WHAT YOU WILL DO:
Leaving the pictures aside, transcribe the data below exactly.

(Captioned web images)
'''

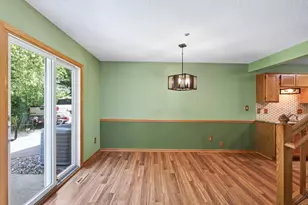 15242 Lesley Ln, Eden Prairie, MN 55346 - Photo 7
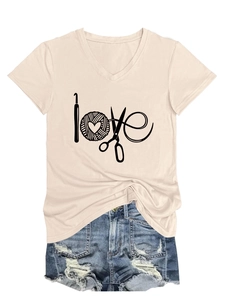 Détail du t-shirt col V avec imprimé love et short en jean vieilli posé à plat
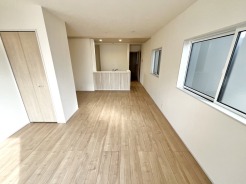 心地よい木目調の床が、温かみのある空間を演出します。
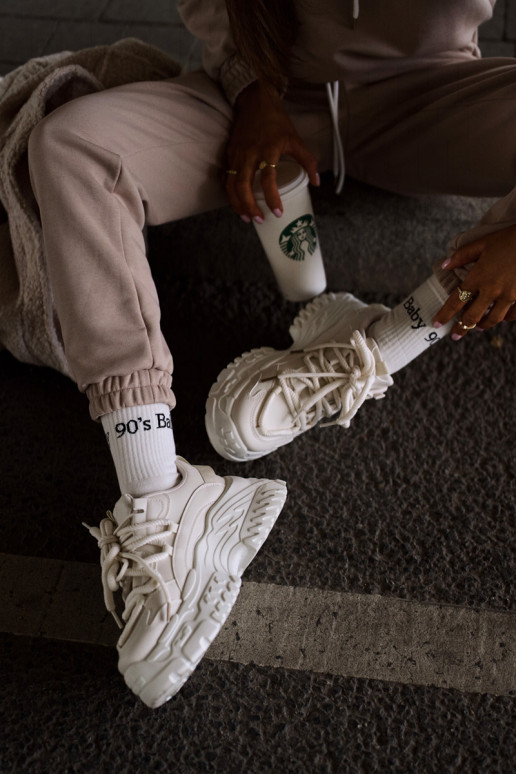 Modelo de tênis sapatos femininos com solas maciças da moda na cor marfim Nevela Modelo de tênis sapatos femininos com solas maciças da moda na cor marfim Nevela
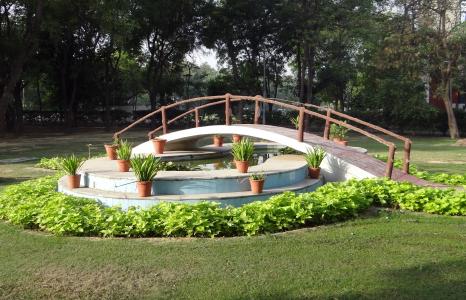荷花池, 喷泉, 桥梁, 加济阿巴德, 印度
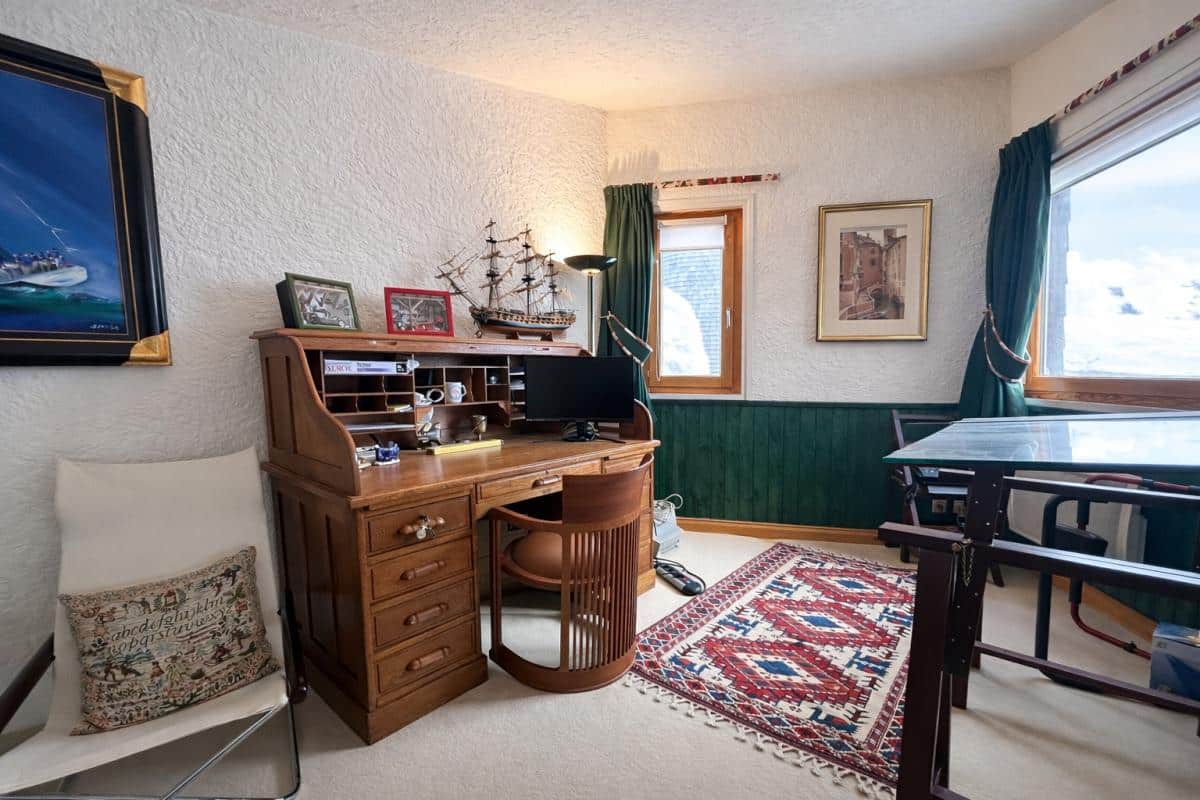 Bureau dans un appartement au dernier étage avec vue sur la vallée de Morzine, Avoriaz.
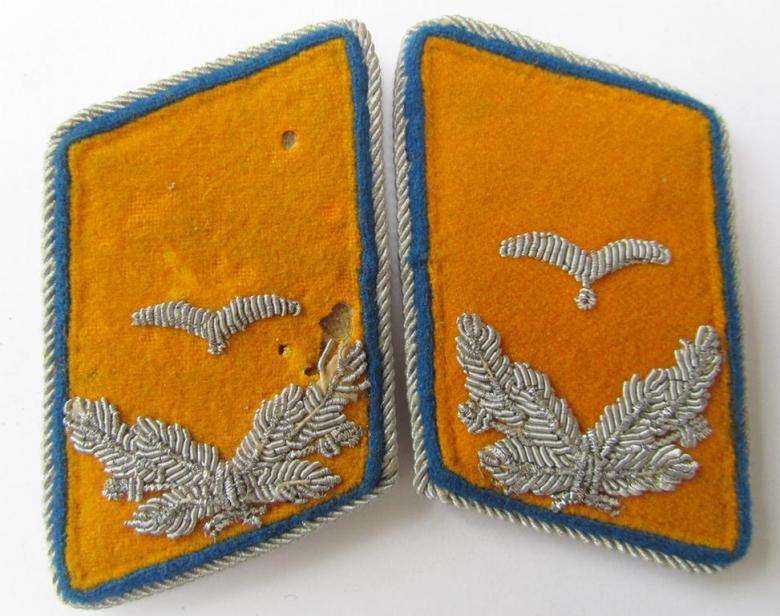 Attractive - and fully matching! - 4-pieced insignia-set comprising of a pair of WH (Luftwaffe) 'dual-piped', officers'-type shoulderboards and dito collar-tabs as was intended for usage by a: 'Leutnant der Res. eines Flieger- o. Fallschirm-Rgts....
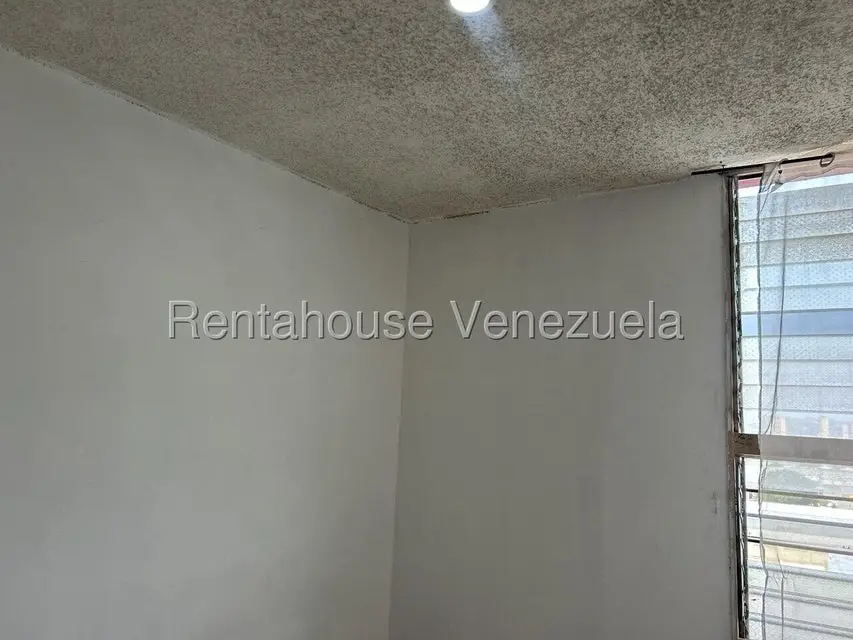 Apartamento (1 Nivel) en Alquiler en Zona Oeste, Lara - 15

'''

PROBLEM SOLUTION:
 15242 Lesley Ln, Eden Prairie, MN 55346 - Photo 7
 Détail du t-shirt col V avec imprimé love et short en jean vieilli posé à plat
 心地よい木目調の床が、温かみのある空間を演出します。
 Modelo de tênis sapatos femininos com solas maciças da moda na cor marfim Nevela Modelo de tênis sapatos femininos com solas maciças da moda na cor marfim Nevela
荷花池, 喷泉, 桥梁, 加济阿巴德, 印度
 Bureau dans un appartement au dernier étage avec vue sur la vallée de Morzine, Avoriaz.
 Attractive - and fully matching! - 4-pieced insignia-set comprising of a pair of WH (Luftwaffe) 'dual-piped', officers'-type shoulderboards and dito collar-tabs as was intended for usage by a: 'Leutnant der Res. eines Flieger- o. Fallschirm-Rgts....
 Apartamento (1 Nivel) en Alquiler en Zona Oeste, Lara - 15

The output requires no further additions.